The present study examined multivariate patterns of health in a dataset of Mexican T2DM patients. Through statistic analysis, we found that old patients tend to have good GC. Our analysis revealed patient profiles that corresponded to poor GC.

These profiles revealed that patients with poor GC tended to be young, overweight or obese, belonged to low socio-economic strata, had low education, were unemployed, and had high levels of triglycerides and cholesterol. In addition, patients with poor GC tended to have liver disease, diabetic foot, hypoglycemia, diabetic Ketoacidosis, smoke and take undergo insulin and metformin treatments.

Overall, we found that the poorer GC, the harder it is for them to stay in and the more they tend to get worse: 79% of those who have bad and extremely uncontrol GC remain bad or get worse. In contrast, the better they are, the more they stay in and their rate of decline is not so high: 66% of those in GC and Regular GC remain good or improve it.

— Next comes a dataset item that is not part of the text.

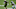 Alvin Kamara, New Orleans Saints Alvin Kamara, New Orleans Saints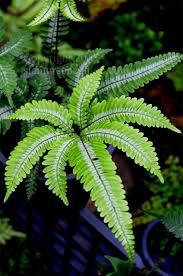 Image result for Pteris preussii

In order to reduce dimensionality and extract more information from the relationship between the features of the dataset, in this work we applied the Karhunen-Loéve transformation, a form of principal component analysis. Through this method the original dataset was taken to a new coordinate system of 20 dimensions under the least squares principle, with the property that its features (principal components) are not correlated and keep 80.43 % of the information of the original dataset, facilitating the handle and study of the dataset information. In addition, this technique allowed the original dataset to identify and relate the features that could be measuring the same principle that governs the behavior of the dataset through their principal components. Thus, we found that the first principal component, which has the highest amount of variance in the data, explained 10.3% of the health features and was related to diabetes chronicity. This component suggests that along disease evolution time is associated with a great risk of kidney damage and microvascular complications. The second principal component explained 9.0% of health features and was associated with the level of GC. The third principal component explained 7.1% of the variance and was predominantly associated with patient weight. Finally, the fourth principal component, which explained 5.8% of the variance, was associated with patients height. The remaining principal components did not reveal relevant information.

Future research should examine dataset that include a larger number of patients. In addition, we expect the advanced statistical analysis and machine learning tools and techniques will promote a further great discovery.